Okay, so as I understand it, you do not see other sentient beings as ends in
themselves, but rather as means to an end; by cooperating with others you
increase your own benefit. You may take into account such game-theoretical
considerations as trust and reputation, but the "supergoal", if I may use
such a term, is your own survival and accumulation of personal resources
(and reproduction)? As a Power your goals would continue to be pure
personal survival, but you would no longer have any use for other human
beings. Hm. I don't understand why you were talking about empathy earlier,
then, since you don't seem to be invoking it within your own morality.
Incidentally, we have several people on this list who claim to be
"rationally selfish" in this sense, so if this *isn't* your opinion, I'm not
trying to be ad hominem in asking.
>> that all sentient beings must think the same way, or all humanborn
>> Powers; I am asking whether *you personally* think that you are
>> presently being immoral by the correct standards of your future self,
>> or whether your future self is being immoral by the correct standards
>> of your present self. Correct from whose viewpoint? Why, yours, of
>> course. You can talk about the observer-dependence of morality all you
>> like, but I assume that you personally have a morality of some kind.
>> Is your future self being immoral? Or are you being immoral? You can't
>> both be moral under any single moral standard. So, under your single
>> moral standard as a single individual, who's wrong?
>
> You are, because you postulate a single viewpoint-invariant moral
> standard. Both me-current and me-future are acting morally (in the
> rational selfishness sense), it's the metric which has shifted smoothly.

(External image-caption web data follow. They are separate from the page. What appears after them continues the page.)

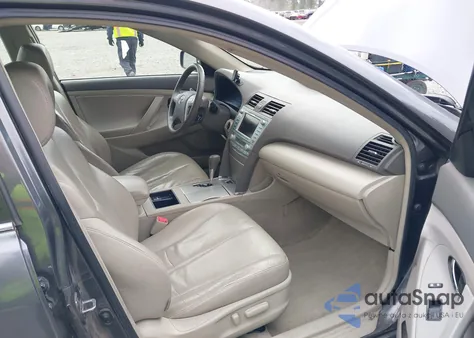 2008 Toyota Camry Hybrid из США, поврежденный, VIN JTNBB46K283047104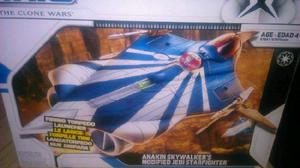 star wars anakin starfighter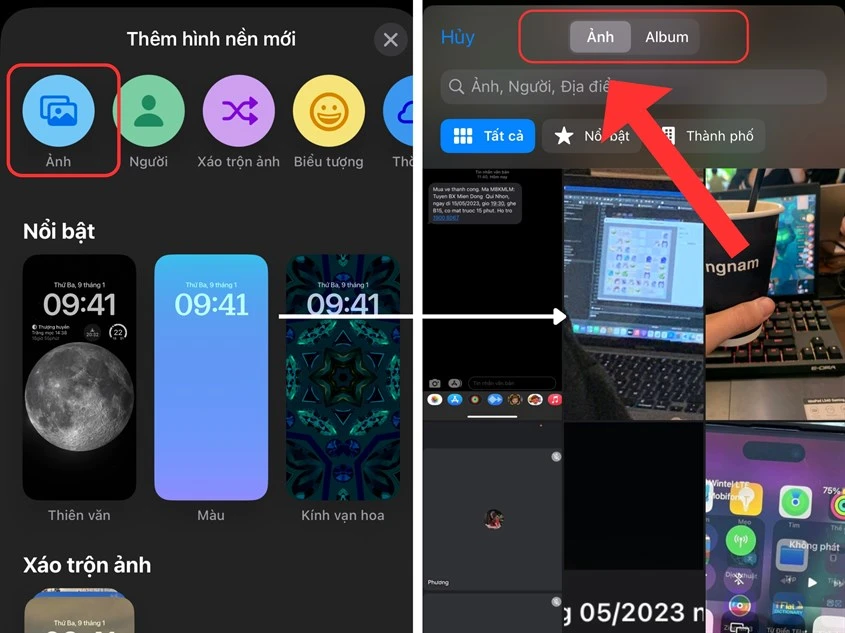 TOP 10+ hình nền iOS 17 4K chất lượng cao và cách cài đặt - Thegioididong.com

Under rational selfishness, I don't see why you're saying that the moral
metric has shifted. Both you and your future self are concerned only your
personal survival as an end in itself, with other actions being simply
means. Now, if you were to regard other sentients as ends in themselves
whose survival you intrinsically desired, as I thought you were saying
earlier, then the Power-your-future-self would be acting immorally under
your current standards, period, regardless of how the Power might see the
matter.
> Populations exert pressure on decisions of an individual. Most people
> don't play all their day with bugs. Symmetric-transaction expectation
> when dealing with asymmetric transactions are *not* a selection-neutral
> trait. You do that long enough, you lose.
>
> I'm a bit at loss that I need to explain this. Isn't this obvious?
Not really. Our lives may be dominated by emergent properties of Darwinian
selection, but post-Singularity I doubt that Darwinian selection will be
much of a force compared to intelligent planning. Frankly it's not clear to
me under your model why you or any other mind would ever reproduce, or why
reproducers would outcompete resource-absorbers, or why resource-absorbers
couldn't cherish any number of sentients inside them if that was their
favorite pasttime.
Your world doesn't seem to allow for any fun whatsoever post-Singularity.
Every computing cycle in existence is devoted to plotting how to get a lock
on every available resource that opens up, murder any entity that leaves an
opening, and prevent oneself from being murdered. Anyone who devotes less
than every available computing cycle quickly falls off the wagon and is
murdered. There's no possibility of having enough thought to spare even to
cherish a few uploads inside you. Frankly I'm not sure I see much pragmatic
difference between a post-Singularity world like this and a world of
unintelligent grey goo. I don't see any personal continuity either. What
matters is the number of computing cycles and resources available to do
meaningful things, such as (possibly) sentients having fun. Eliminating
every meaningful computing cycle in the Darwinian motivational catastrophe
you postulate doesn't strike me as much different from eliminating every
meaningful computing cycle with a supernova.